- TASK MATERIAL -
[Start of section]
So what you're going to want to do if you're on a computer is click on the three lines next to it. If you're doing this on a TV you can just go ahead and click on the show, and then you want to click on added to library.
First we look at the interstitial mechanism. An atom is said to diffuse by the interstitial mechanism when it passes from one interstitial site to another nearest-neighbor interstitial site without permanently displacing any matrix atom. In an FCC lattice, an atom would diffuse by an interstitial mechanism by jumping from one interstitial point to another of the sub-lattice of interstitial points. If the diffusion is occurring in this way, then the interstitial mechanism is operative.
[End of section]
[Start of section]
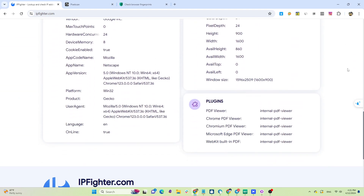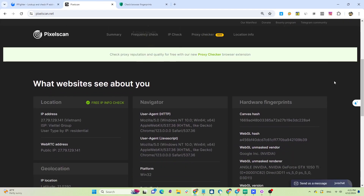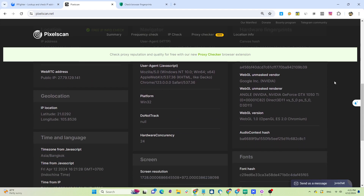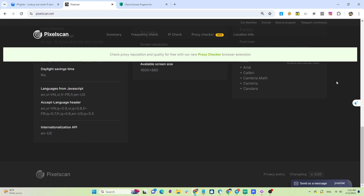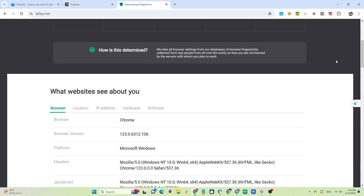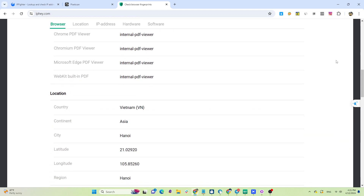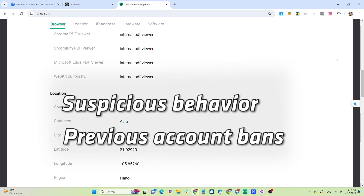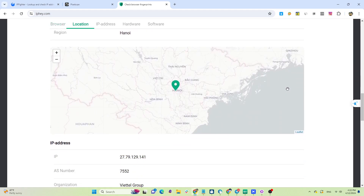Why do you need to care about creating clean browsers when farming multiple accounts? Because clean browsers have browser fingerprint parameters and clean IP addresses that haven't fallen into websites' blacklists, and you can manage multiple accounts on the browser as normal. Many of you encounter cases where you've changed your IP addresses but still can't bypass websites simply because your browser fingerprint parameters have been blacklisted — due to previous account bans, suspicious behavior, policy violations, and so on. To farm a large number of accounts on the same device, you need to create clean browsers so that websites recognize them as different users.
[End of section]
In the data above, start at the line that has "So what you're", stop after the line that has "First we look", and print every line in between exactly as it stands.

- EXPECTED ANSWER -
So what you're going to want to do if you're on a computer is click on the three lines next to it. If you're doing this on a TV you can just go ahead and click on the show, and then you want to click on added to library.
First we look at the interstitial mechanism. An atom is said to diffuse by the interstitial mechanism when it passes from one interstitial site to another nearest-neighbor interstitial site without permanently displacing any matrix atom. In an FCC lattice, an atom would diffuse by an interstitial mechanism by jumping from one interstitial point to another of the sub-lattice of interstitial points. If the diffusion is occurring in this way, then the interstitial mechanism is operative.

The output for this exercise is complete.